Yesterday, the Australian stock market fell nearly 60 points - or 1.3% - on heavy volume. It was the steepest one day fall in...we don't know, but its seems like a while. There was no real catalyst for the sharp decline.
Maybe it had something to do with all the poor commentary emerging from Annual General Meeting season. Maybe it was disappointment with China's tepid manufacturing recovery. The widely followed Official PMI index moved above the all-important 50 threshold to 50.2 in October, signifying that China's manufacturing sector is once again expanding, but only just.
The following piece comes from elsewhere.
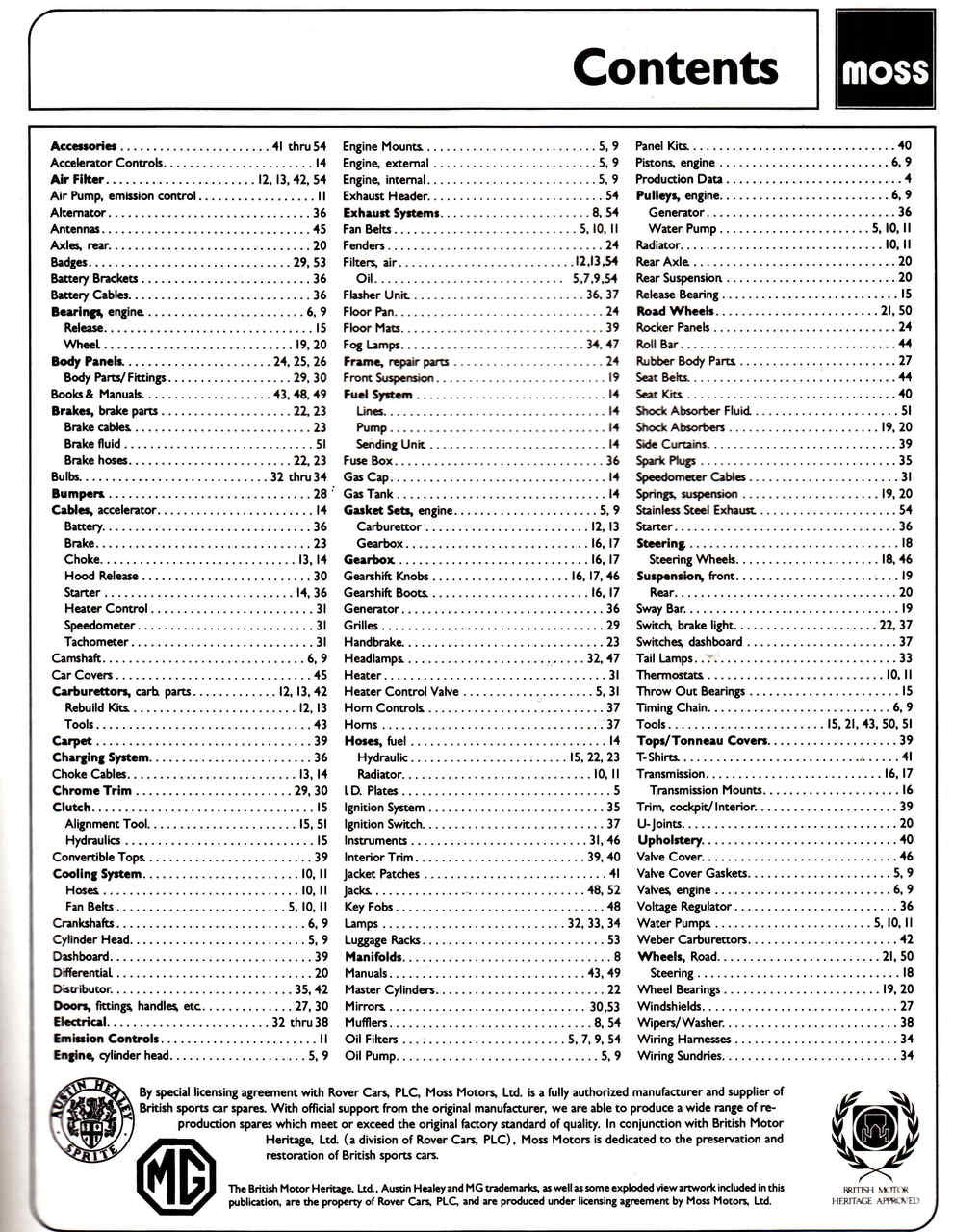 Austin Healey Sprite & MG Midget Parts Catalog (SPM02) - cont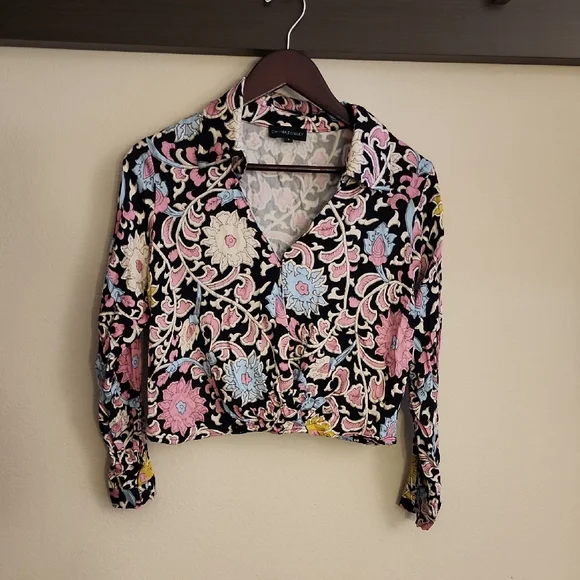 Cynthia Rowley Vibrant Floral Crop Top - Picture 1 of 5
And while the other manufacturing index, the HSBC PMI improved to 49.5, it's still showing a sector in contraction.
Or perhaps the sell-off had something to do with the Reserve Bank's release of September credit data, which showed annualised housing credit growth running at just 4.7%, the weakest growth rate since the series began in 1977. But if you annualise just the last three month's data, housing credit growth is at just 4%.
And then we got the news that the housing market 'recovery' might not be a recovery at all, as national house prices (on average) fell in September. Strong credit growth, supplemented with national income growth from the resources boom, has underpinned the 20 year housing bull market. It made a lot of people a lot of money.
But the income boost from the resources boom is over, and attitudes to debt have changed. That is, people no longer believe debt = wealth. So if you're hoping for a housing renaissance, forget it...it's not coming back for a looong time.
All those concerns hit the Australian stock market for six yesterday. Today the market opened higher but has spent all morning giving back those gains. So is the stock market forming a top, or consolidating for the next move up? Along with everyone else, we have no idea. The Aussie economy is clearly slowing down...and we think the stock market will fall. But what we expect to happen and what will happen might be entirely different.
For investors, this is one tough market. For speculators, it's more fun. Being a bit more fatalistic about your punts is a lot less stressful than worrying about your life savings. One man who loves a punt is Kris Sayce, editor of Australian Small Cap Investigator. This week, he tipped three small cap stocks set to benefit from the new digital age.
It's tough being a bull in a bear's den, but Saycey correctly called the bottom back in June...telling everyone it was a great time to buy stocks. He's still quietly confident, but not as bullish as he was back in June. We're probably more bearish now then we were back in June. The world's problems haven't gone away...it's just that the perception of the problems have changed.